Kyari who thanked God that despite all the anomalies, he said that the nation did not record any accident or major incident, stressing that domestic carriers' income within the year was not encouraging and attributed this to their huge indebtedness.

While the management of these local carriers have the money to manage the airlines, they however, lacked the managerial capability to turn them around, as they got involved in diversion of funds meant to run the airlines to other frivolities.

For aviation consultant, Babatunde Obadofin, an aeronautical engineer and chief executive of Aero Consult, airlines within the period certainly did not do well at all. 'It's only I don't know whether by the grace of God that they are still in business as most of them would have really collapsed if certain measures were not taken.'

While saying that there was an upsurge in passengers' traffic, Obadofin however said that the situation had not yielded corresponding increase in revenue generation, because a lot of factors contributed to it ranging from high cost of flying to high tariffs and high maintenance. All these combined together he said made things difficult for the airlines.

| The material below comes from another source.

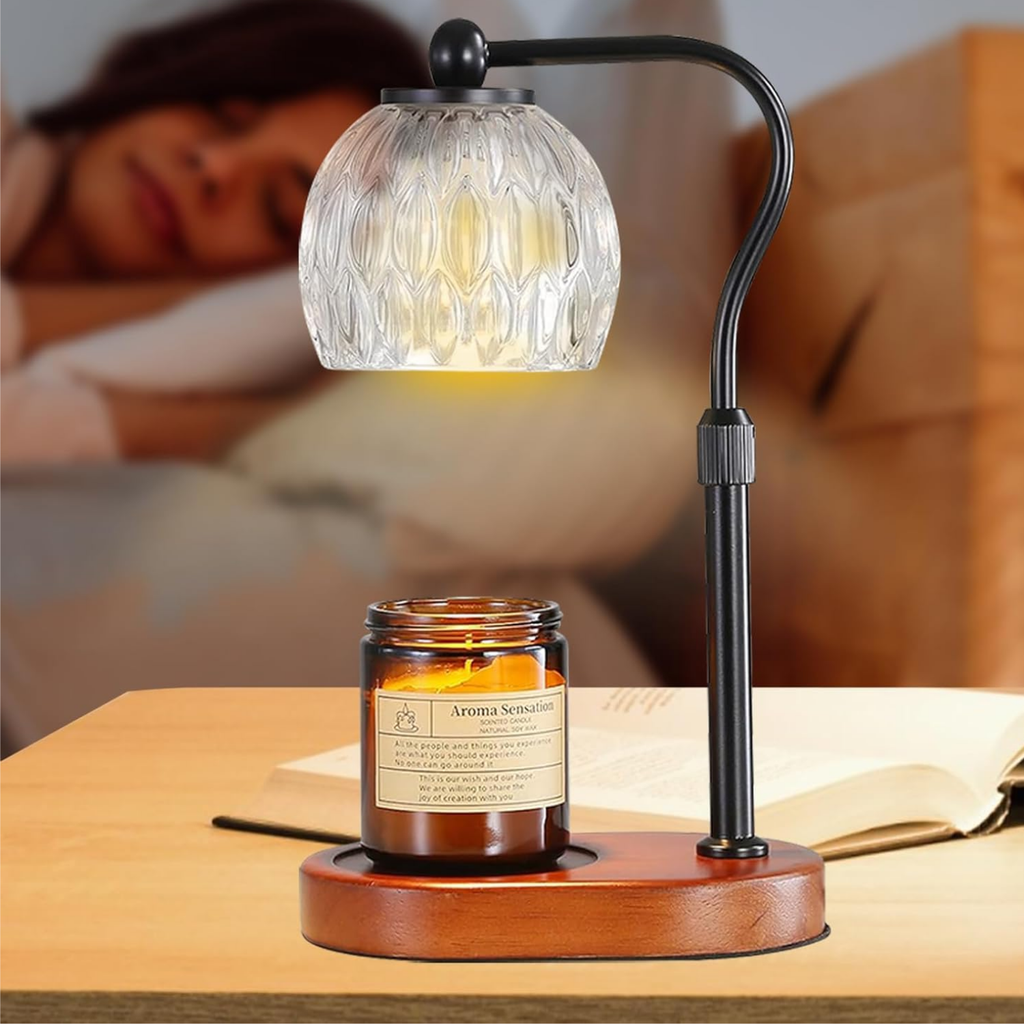 Aromatic – Black Modern Lantern Candle Warmer Lamp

'I understand that most airlines can not even pay the staff salaries or even pay for their maintenance and in a situation you cannot pay for your maintenance such aircraft can not be available for operations so if its not available for operations there will be trouble so the airlines have not done well at all.

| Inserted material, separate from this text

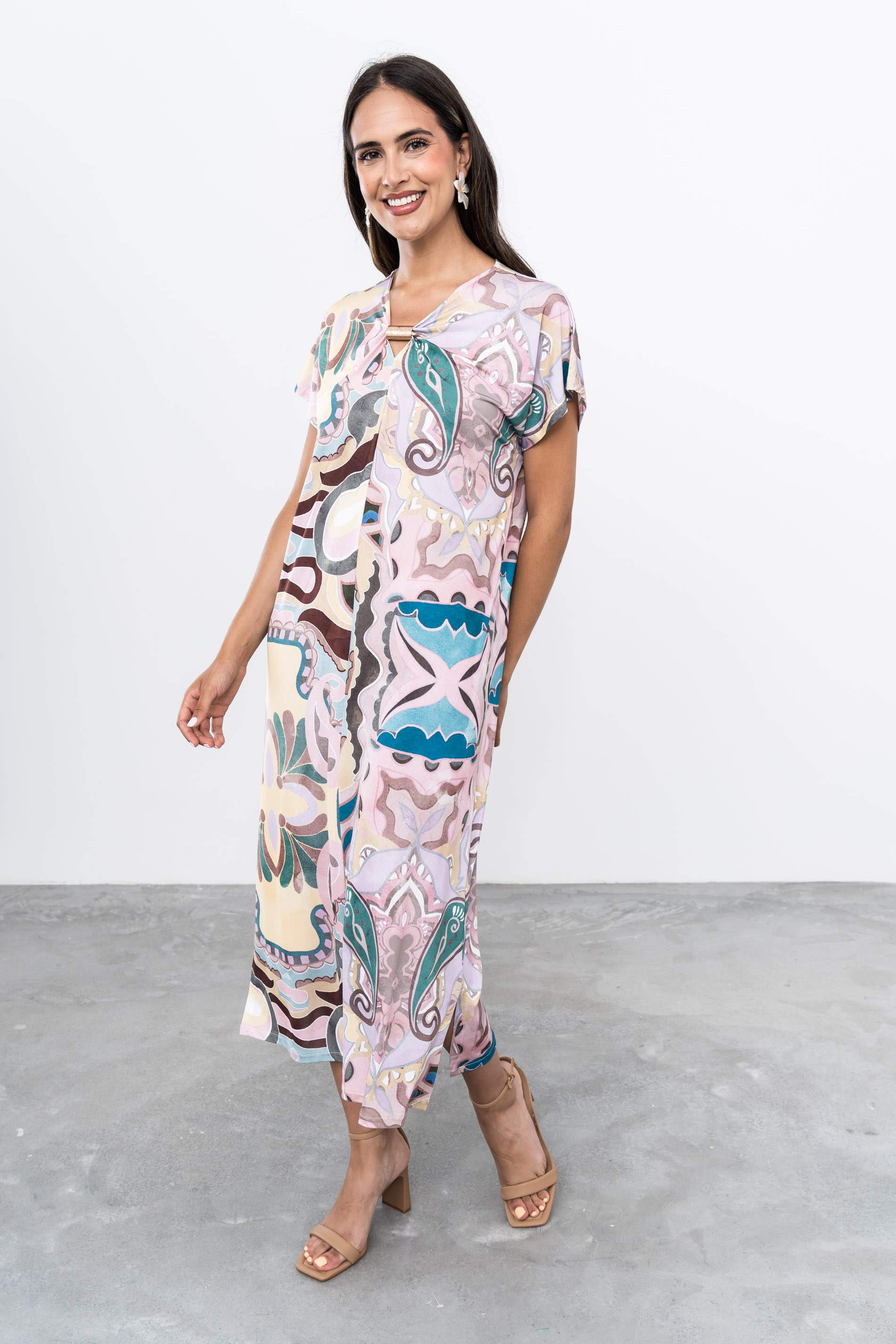 VESTIDO CACHEMIRE ADORNO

As enumerated by the experts, it has become obvious that the aviation industry in general did not do well economically in the year.

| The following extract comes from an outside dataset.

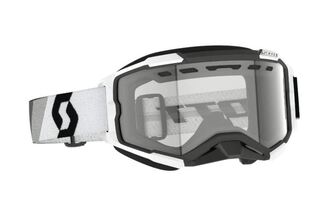 Scott Goggle Fury Snow Cross premium black/white / clear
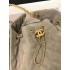 Chanel 25 small handbag Suede Calfskin AS5293 Grey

Sincerely, the sector never had it so bad economically as even the various agencies had their own challenges to grapple with as the global recession caught up with them that they too became indebted to their contractors and even staff.

Many projects suffered hiccups due to cash crunch as their funds were trapped in the hands of airlines and other beneficiaries of their services.

Even though the industry suffered economic down turn within the period, security and aviation regulations improved greatly as the Nigerian Civil Aviation Authority (NCAA) remained determined to attain the American category one status.

The Federal Airports Authority of Nigeria (FAAN) despite its financial predicament was able to transform some airports through the refurbishment of their runways.

However, in the coming year, there is the need for government to have a maintenance base that will take care of training and at the same time take care of maintenance, as this will reduce capital flight.

The presence of a maintenance base will handle issues like training of resource personnel, aircraft maintenance and even simulation. All these will not only bridge the gap created by the shortage of young professionals but also conserve money for government.

Also, in the New Year, there should be more of government intervention in the area of initiating maintenance base, which may not really be managed by government. Government may not pump money directly into such but can give guarantee to any private company or individual and even airlines interested in providing the maintenance base.

There should be massive drive for local recruitment to enable the sector develop human resources which will reduce the high number of expatriates within the sector.

Government should provide a financial institution where aviation financing can be discussed with advice given to government to grant subsidy to airlines and aviation agencies.

Also, government should improve on its funding of the sector which has been adjudged to be one of the highest sources of income revenue generation to the government as this will give room for the proper running of the industry for the sake of safety.

There is the need to review the BASA agreement with foreign countries and check the excessive granting of unlimited frequencies to the foreign carriers if the domestic carriers are to come out of their financial mess.

The controversy surrounding the Maevis concession deal should be reviewed in the coming year to give room for peace and tranquility to reign as it is only in a peaceful environment that good business can travail.

No doubt about it that the aviation sector in the outgoing year did not do too well and it is hoped that all the factors that contributed to the woes will be corrected to enable the industry achieve its major goals.